W ubiegłą niedzielę policjanci ze Stoczka Łukowskiego (woj. lubelskie) zostali powiadomieni o pobiciu 33-latka. Mężczyzna w centrum miasta został pobity przez kilku nieznanych mu mężczyzn. - Z relacji pokrzywdzonego wynikało, że napastnicy bili go pięściami i kopali po całym ciele. Później zaciągnęli go do pobliskiego audi i chcieli wrzucić do bagażnika. Jednak wepchnęli go na tylną kanapę i tam w trakcie jazdy znów go bili. W międzyczasie zatrzymali się w pobliżu posesji jednego z nich i wzięli ze sobą szpadel. Gdy wszyscy pojechali do lasu, wyrzucili 33-latka z pojazdu i znów bijąc go kazali kopać dla siebie grób - opisuje zdarzenie asp. szt. Marcin Józwik, oficer prasowy KPP Łuków.
33-latek przeżył horror
Nawet gdy opadł z sił, jego oprawcy nie odpuścili i w dalszym ciągu znęcając się nad nim. Później ponownie wepchnęli go do auta i wyrzucili go z pojazdu na obrzeżach Stoczka Łukowskiego. - 33-latek powrócił do domu i dopiero po dwóch dniach o zajściu poinformował policjantów - dodaje oficer prasowy.
Policja zatrzymała czterech młodych ludzi
Funkcjonariusze ustalili, że związek ze sprawą mogą mieć 21, 22 i 24-latkowie z gminy Stoczek Łukowski i ich 28-letni kolega z gminy Krzywda. Jeszcze tego samego dnia trzej z nich zostali zatrzymani.
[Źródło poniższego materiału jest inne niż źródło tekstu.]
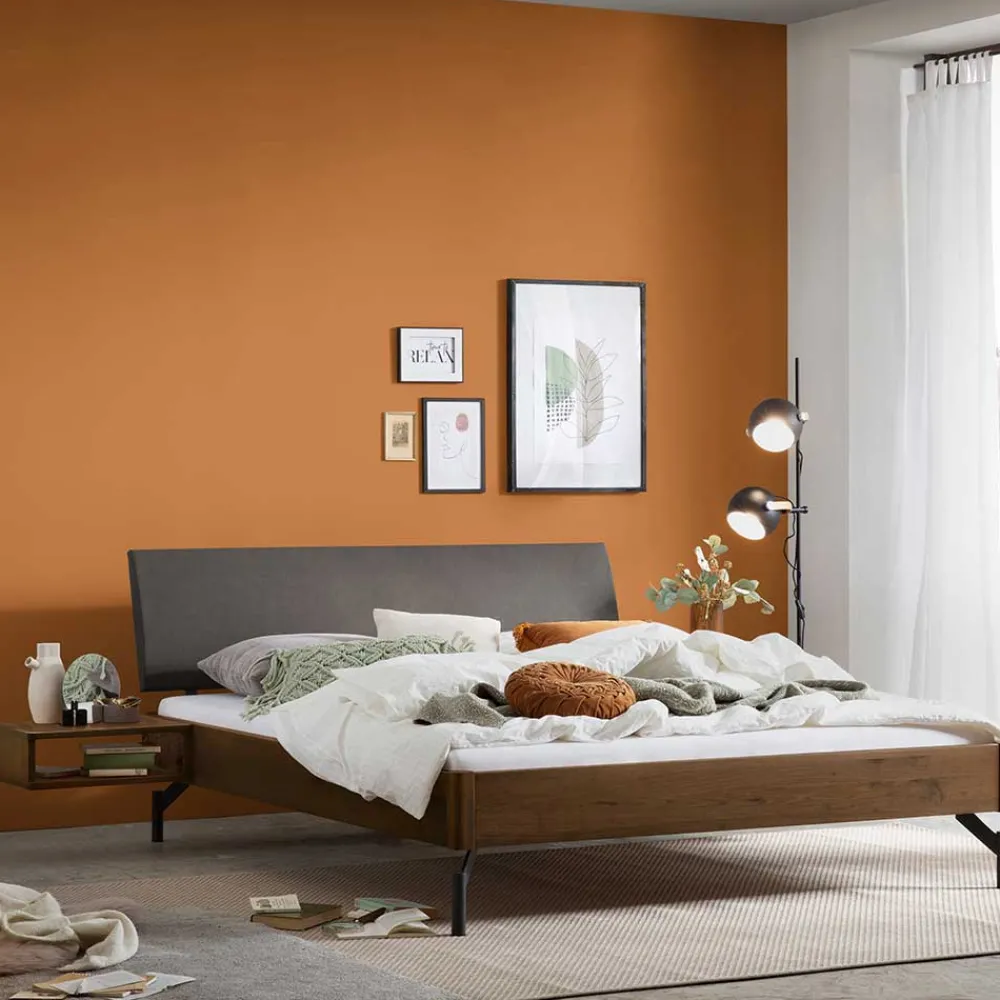 Design Bett 140x200 Dyrado*Pharao24 Sale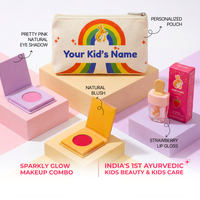 Sparkly Glow Makeup Combo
Czwarty przez kilka dni ukrywał się, lecz później sam zgłosił się na policję. Wszyscy już usłyszeli zarzuty: pobicia, pozbawienia wolności oraz kierowania gróźb. Trzech napastników zostało tymczasowo aresztowanych na 3 miesiące. 24-latek ma dozór policji. Za popełnione przestępstwa sprawcom grozi do 5 lat pozbawienia wolności. - Funkcjonariusze ustalili również, że w pobiciu i pozbawieniu wolności 33-latka najprawdopodobniej udział brali też inni młodzi ludzie. Policjanci ustalają rolę każdego z nich i nie wykluczają kolejnych zatrzymań oraz zarzutów w tej sprawie - informuje asp. szt. Marcin Józwik.